ROME — Pope Francis urged Europe to remember its Christian roots Wednesday, a recommendation inspired by his recent visit to Hungary and Slovakia.

This journey “was a pilgrimage to the roots,” the pope told the crowds gathered in the Vatican for his weekly General Audience. “In meeting my brother bishops, both in Budapest and in Bratislava, I was able to experience directly the grateful remembrance of these roots of faith and of Christian life.”

The Christian roots of these lands “reach as far back as the ninth century, back to the evangelizing work of the saints brothers Cyril and Methodius, who accompanied this journey with their constant presence,” Francis noted.

These roots “are always living, full of the vital lymph that is the Holy Spirit, and that as such they must be conserved,” he continued, “not like museum exhibits, not ideologized and exploited out of interests of prestige and power, to consolidate a closed identity.”

The pontiff went on to insist that present-day Christians must draw strength and example for evangelizers who went before them, imitating their missionary spirit.

“Cyril and Methodius are not, for us, people to commemorate, but rather models to imitate, masters from whom we can always learn the spirit and method of evangelization,” he said.

“Understood and lived in this way, the roots are a guarantee of the future: from them, thriving branches of hope can grow,” he added.
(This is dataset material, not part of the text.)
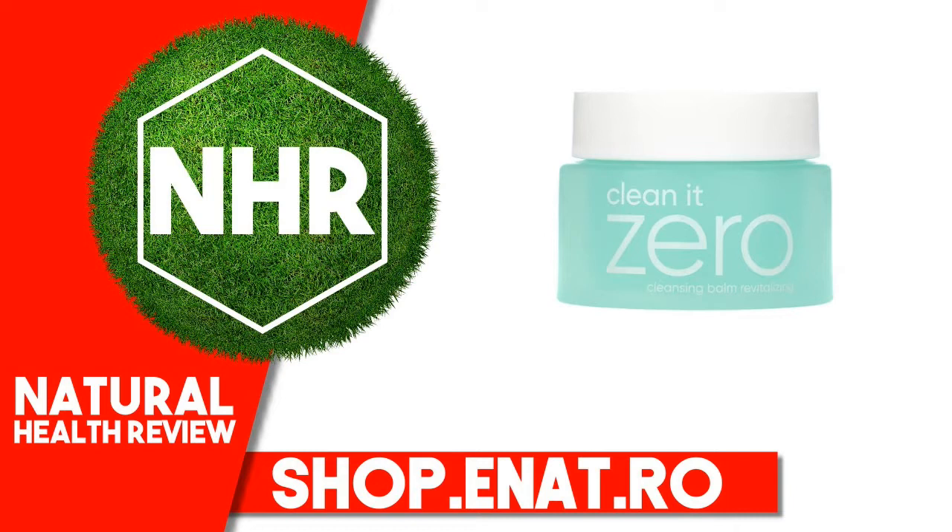It is formulated to remove waterproof makeup and even excess oil and dirt, all in one simple step. Vanilla Company Zero Balance Technology with Resveratrol deep cleanses and mildly exfoliates without stripping the skin, and leaves the skin hydrated and revitalized.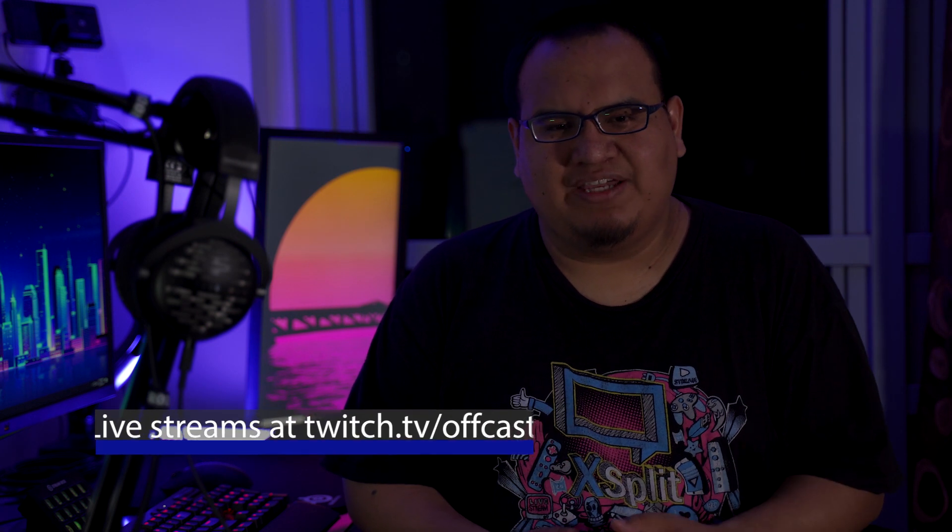That's your crash course on buying your first capture card. If you have any questions, drop them in the comments or reach out to me on Twitter — I really enjoy answering your questions, and if I don't know the answer, I'll find someone who does. If you enjoyed this video, please give it a like and subscribe to the channel. I've also been streaming on my Twitch channel — twitch.tv/offcasts — playing Resident Evil, Apex Legends, and Vanquish, so you can see if I practice what I preach.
“We do not say, ‘Go, and hide from your roots,’ no, no. ‘Go to your roots, take your lymph from them and go forward. Go and take your place,’” he said.

Faithful wearing protective face masks attend at the Ash Wednesday mass lead by Pope Francis during which opens Lent, the 40-day period of abstinence and deprivation for Christians before Holy Week and Easter, at the Santa Sabina church in Rome. ( ALBERTO PIZZOLI/AFP via Getty)

“Everything that blooms on the tree comes from what it has underground,” he asserted, citing an adage. “You can grow to the extent that you are united with your roots: your strength comes from there.”

“If you cut the roots, so that everything is new, new ideologies, this will lead you nowhere, it will not let you grow: you will end up badly,” he concluded.